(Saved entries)
##########

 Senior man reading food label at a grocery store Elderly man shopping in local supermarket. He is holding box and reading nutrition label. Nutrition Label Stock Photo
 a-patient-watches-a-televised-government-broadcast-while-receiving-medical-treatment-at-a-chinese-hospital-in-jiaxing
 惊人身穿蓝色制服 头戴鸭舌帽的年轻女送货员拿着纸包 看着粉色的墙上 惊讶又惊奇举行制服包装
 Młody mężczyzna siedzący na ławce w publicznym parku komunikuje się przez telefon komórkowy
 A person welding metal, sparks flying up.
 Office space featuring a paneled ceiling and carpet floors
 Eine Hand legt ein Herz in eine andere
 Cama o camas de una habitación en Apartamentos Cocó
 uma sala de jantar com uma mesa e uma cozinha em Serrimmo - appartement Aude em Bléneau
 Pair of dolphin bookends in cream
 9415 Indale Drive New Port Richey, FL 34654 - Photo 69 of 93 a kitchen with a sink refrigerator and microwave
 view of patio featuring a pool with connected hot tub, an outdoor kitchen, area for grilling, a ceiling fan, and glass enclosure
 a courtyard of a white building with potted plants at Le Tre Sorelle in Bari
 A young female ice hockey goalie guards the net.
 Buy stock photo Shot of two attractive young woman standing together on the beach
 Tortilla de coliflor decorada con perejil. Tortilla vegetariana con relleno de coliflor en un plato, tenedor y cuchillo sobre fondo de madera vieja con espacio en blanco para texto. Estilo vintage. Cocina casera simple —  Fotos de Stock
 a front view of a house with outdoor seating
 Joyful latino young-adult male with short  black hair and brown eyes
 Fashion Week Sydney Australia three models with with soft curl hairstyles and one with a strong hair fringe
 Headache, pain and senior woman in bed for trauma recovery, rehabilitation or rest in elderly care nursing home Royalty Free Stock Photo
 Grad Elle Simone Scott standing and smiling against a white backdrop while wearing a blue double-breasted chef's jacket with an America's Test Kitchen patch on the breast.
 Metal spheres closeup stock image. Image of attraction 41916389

##########

WORK TASK =>
Your answer must be the lines from the one containing "a front view of a house with outdoor seating" to the last line of the entries, repeated exactly and with nothing else.

PROBLEM SOLUTION =>
 a front view of a house with outdoor seating
 Joyful latino young-adult male with short  black hair and brown eyes
 Fashion Week Sydney Australia three models with with soft curl hairstyles and one with a strong hair fringe
 Headache, pain and senior woman in bed for trauma recovery, rehabilitation or rest in elderly care nursing home Royalty Free Stock Photo
 Grad Elle Simone Scott standing and smiling against a white backdrop while wearing a blue double-breasted chef's jacket with an America's Test Kitchen patch on the breast.
 Metal spheres closeup stock image. Image of attraction 41916389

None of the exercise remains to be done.